Keen to turn your winter wining and dining up a notch with our most favoured red blend, Baronne? Look no further. Winemaker Samuel Viljoen and Chef Jerry Kennedy have the following delicious pairing suggestions to transport you from winter slumber to a warm wonderland of full-blown flavour.
How well do you know your Baronne?
Smooth, suave and self-assured, Baronne is one of South Africa’s most successful red blends and a name that for many is synonymous with red wine itself.

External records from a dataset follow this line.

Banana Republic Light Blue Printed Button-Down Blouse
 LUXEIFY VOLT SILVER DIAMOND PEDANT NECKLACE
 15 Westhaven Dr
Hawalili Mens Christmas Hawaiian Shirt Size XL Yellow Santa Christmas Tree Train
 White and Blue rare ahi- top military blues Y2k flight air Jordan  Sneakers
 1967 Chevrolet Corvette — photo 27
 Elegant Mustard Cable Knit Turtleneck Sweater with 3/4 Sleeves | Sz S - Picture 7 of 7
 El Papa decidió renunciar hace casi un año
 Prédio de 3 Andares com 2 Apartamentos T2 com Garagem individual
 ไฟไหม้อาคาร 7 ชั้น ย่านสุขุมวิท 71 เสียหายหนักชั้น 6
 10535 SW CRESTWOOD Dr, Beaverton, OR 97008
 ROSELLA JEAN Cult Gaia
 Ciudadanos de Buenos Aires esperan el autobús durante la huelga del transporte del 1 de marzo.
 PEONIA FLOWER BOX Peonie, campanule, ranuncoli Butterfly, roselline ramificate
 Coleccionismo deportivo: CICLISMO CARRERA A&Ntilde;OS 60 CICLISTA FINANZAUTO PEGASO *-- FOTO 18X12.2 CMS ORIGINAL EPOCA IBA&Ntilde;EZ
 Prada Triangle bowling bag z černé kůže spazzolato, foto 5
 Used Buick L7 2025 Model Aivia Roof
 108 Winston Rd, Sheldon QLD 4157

It celebrates its 47th birthday this year.
The ubiquitous Cabernet Sauvignon/Shiraz blend was the brainchild of cellar-master Günter Brözel, who went on to earn widespread recognition and the title of International Wine & Spirit Competition Winemaker of the Year in 1985, the first winemaker in South Africa to achieve this honour.
Back in 1973, Günter wanted wine lovers to have the pleasure of an affordable, elegant, satisfyingly smooth red blend: quite simply an everyday wine that, as he put it, would add nobility to any occasion. “There was a lot of to-ing and fro-ing about the name but Baronne was settled on for its classical, French association,” he recalls without a moment’s hesitation, even though it was all those years ago.
Forty-seven years on, Baronne has such a following that it is presented in its own right. It is not uncommon for people to refer to the blend as “my Baronne”, “my Baroness” or even “my Baronnista”!
Among generations of wine lovers, who may be divided by decades, culture, language or experience, it still appeals for its clever combination of succulent red fruit flavours (Cabernet Sauvignon) and slight peppery, smoky characters (Shiraz). It’s a very versatile wine that goes extremely well with burgers, ribs and hearty pastas. But it will never be out of place with Chateaubriand or Sunday roast. It can hold its own at Christmas, on birthdays, at graduations and other rites of passage.
Samuel says of Baronne: “It has such wonderful, nostalgic associations for me and I have always loved making this blend.” He calls it the ultimate get-together wine. “It’s just the wine you want for winter bonding, whether you are with the family, watching sport or celebrating an occasion. It’s a fixture in our house and in so many others. I love that you find it in so many parts of the world. When you are far away from home and you encounter a bottle, it’s like bumping into an old friend.”
Meanwhile, chef Jerry has two mouth-watering suggestions when it comes to classic recipes to try with your Baronne this winter: spaghetti Bolognese and oven-roasted lamb shanks.
Simple spaghetti Bolognese
- 25ml cooking oil 1
- 1 onion, chopped
- 4 cloves garlic, chopped
- 50ml tomato paste
- 500g lean beef mince
- 440g whole peeled tomato
- 4 sprigs oregano, chopped
- Salt & pepper to taste
- 250g spaghetti pasta, cooked in salted boiling water
- Parmesan cheese to complete the dish.
- Heat cooking oil in a pan on the stove. Add the onion, garlic and tomato paste and fry until halfway cooked. Add the beef mince and peeled tomato straight after. Let it simmer for 20 to 30 minutes. Add oregano, salt and pepper to taste. Dish up with the spaghetti and some grated Parmesan cheese.
Oven-roasted lamb shanks
- 4 to 6 lamb shanks
- Salt & pepper
- 1 cup flour
- 4 tbsp Dijon mustard
- 50ml cooking oil
- 5 carrots, roughly chopped
- ½ bunch celery, roughly chopped
- 2 onions, roughly chopped
- 5 sprigs fresh herbs
- 1tsp pepper corns
- 4 bay leaves
- 500ml Nederburg Baronne
- 1 cup water
- Preheat the oven to 165˚C. Rub the lamb shanks with salt, pepper, mustard and dust/roll in the flour. Heat the oil in a heavy based pan and seal off the shanks until golden crisp all round. Use a deep oven dish, and add the shanks with all raw vegetables, bay leaves, herbs, wine and water. Cover with foil and baked for 3 to 4 hours (check it during the cooking time to ensure that it doesn’t become too dry, and add more liquid if necessary). Once done to your liking, reduce the pan sauces to a gravy or sauce consistency. Serve with mashed potatoes, green beans and/or broccoli.